## [ASSIGNMENT]
Could you copy exactly the lines below from the one with "KAP1 TRIM28 Rabbit Monoclonal Antibody" to the one with "Figura 8.2. Glúteo", inclusive, leaving out any pictures?
*** MATERIALS PROVIDED ***
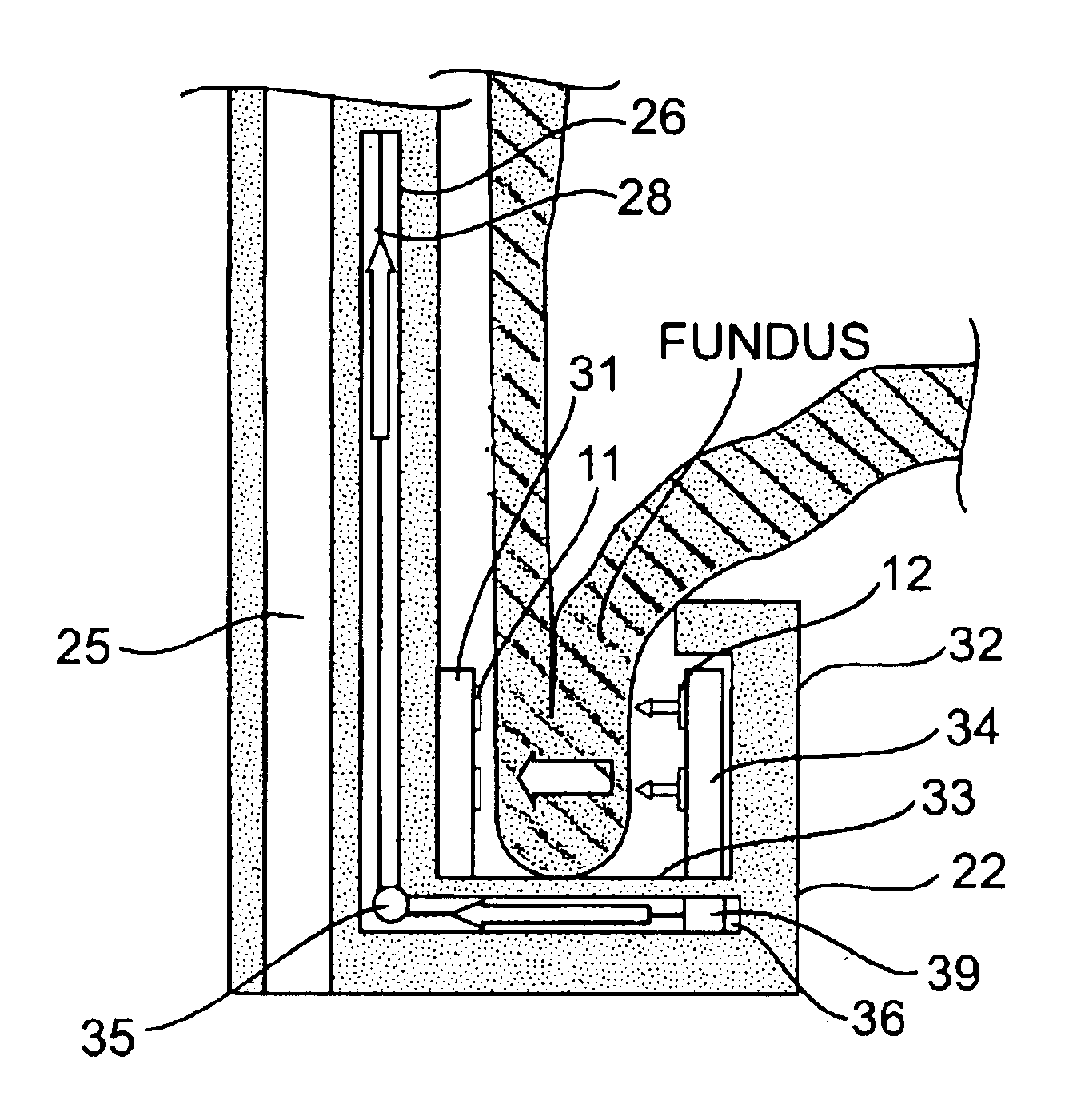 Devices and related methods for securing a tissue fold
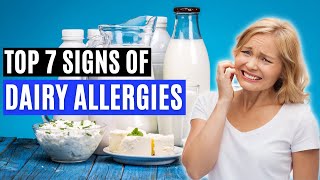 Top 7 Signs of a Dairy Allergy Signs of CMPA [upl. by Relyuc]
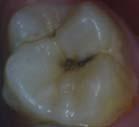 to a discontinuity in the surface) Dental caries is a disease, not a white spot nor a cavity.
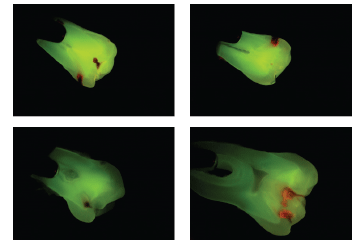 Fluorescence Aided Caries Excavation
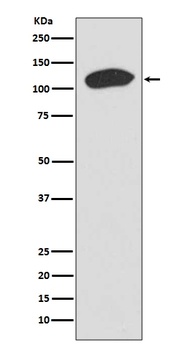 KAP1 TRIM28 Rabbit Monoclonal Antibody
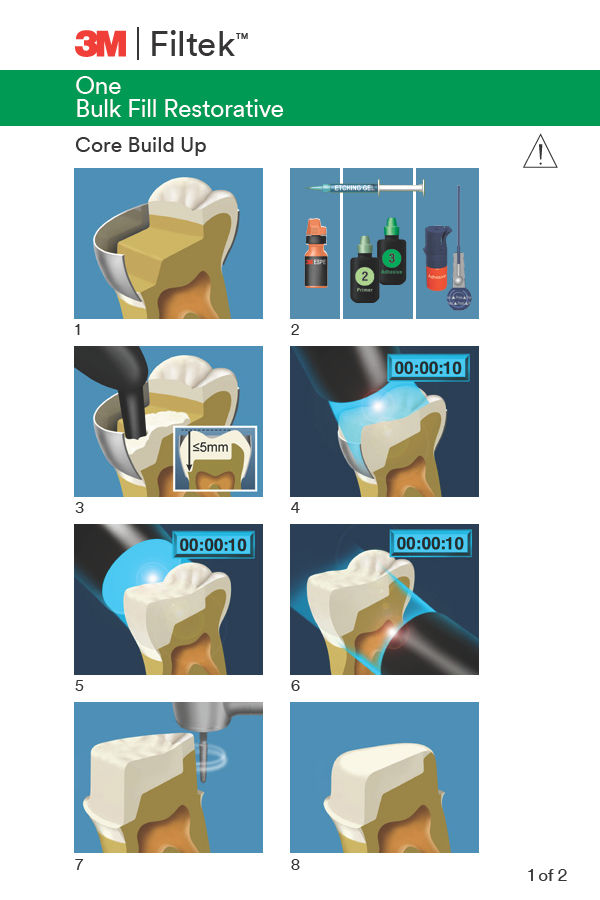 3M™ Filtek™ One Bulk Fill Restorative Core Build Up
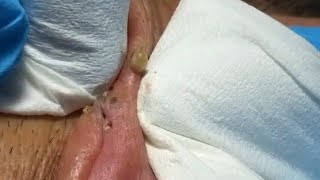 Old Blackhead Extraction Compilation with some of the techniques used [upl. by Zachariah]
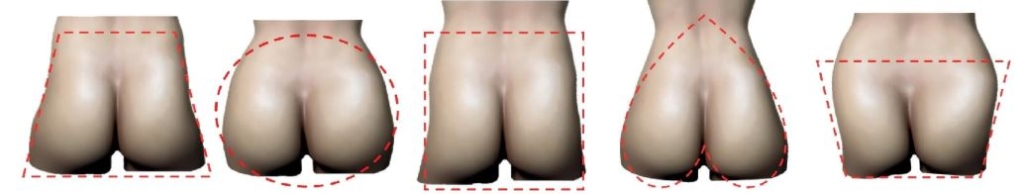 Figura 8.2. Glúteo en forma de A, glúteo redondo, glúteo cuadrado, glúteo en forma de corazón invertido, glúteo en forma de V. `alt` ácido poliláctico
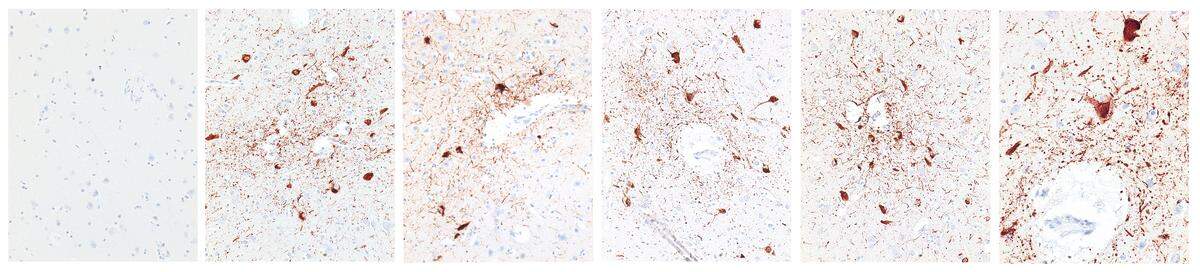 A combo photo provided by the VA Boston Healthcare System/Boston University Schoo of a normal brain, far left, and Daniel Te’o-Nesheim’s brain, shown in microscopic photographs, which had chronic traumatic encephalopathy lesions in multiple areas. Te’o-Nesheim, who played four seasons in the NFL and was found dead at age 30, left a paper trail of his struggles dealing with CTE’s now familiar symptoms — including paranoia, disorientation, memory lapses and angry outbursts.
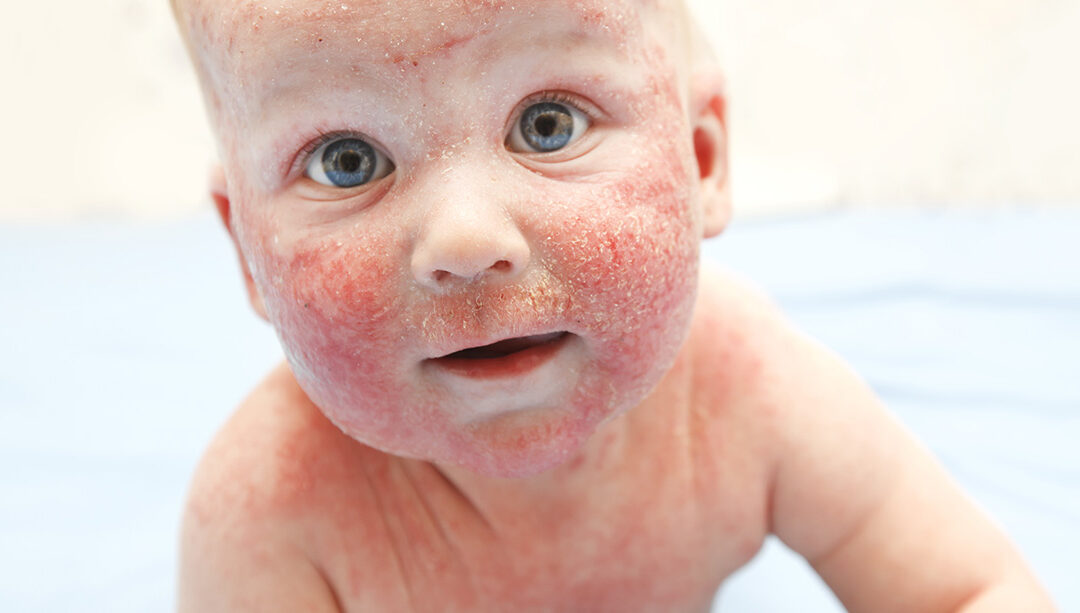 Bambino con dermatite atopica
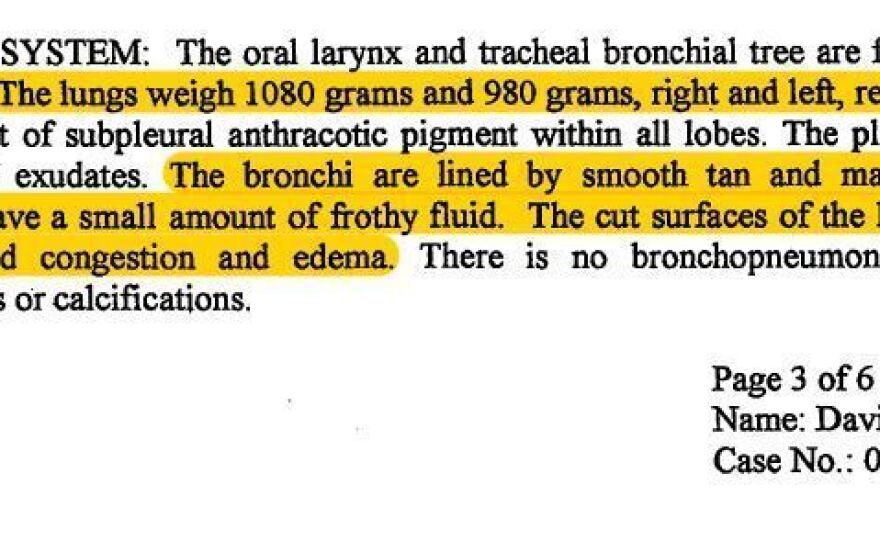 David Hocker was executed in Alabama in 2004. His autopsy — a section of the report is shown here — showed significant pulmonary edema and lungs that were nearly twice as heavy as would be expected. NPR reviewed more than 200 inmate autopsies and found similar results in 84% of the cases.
*** End of MATERIALS PROVIDED ***
## [OUTPUT OF THE TASK]
 KAP1 TRIM28 Rabbit Monoclonal Antibody
 3M™ Filtek™ One Bulk Fill Restorative Core Build Up
 Old Blackhead Extraction Compilation with some of the techniques used [upl. by Zachariah]
 Figura 8.2. Glúteo en forma de A, glúteo redondo, glúteo cuadrado, glúteo en forma de corazón invertido, glúteo en forma de V. `alt` ácido poliláctico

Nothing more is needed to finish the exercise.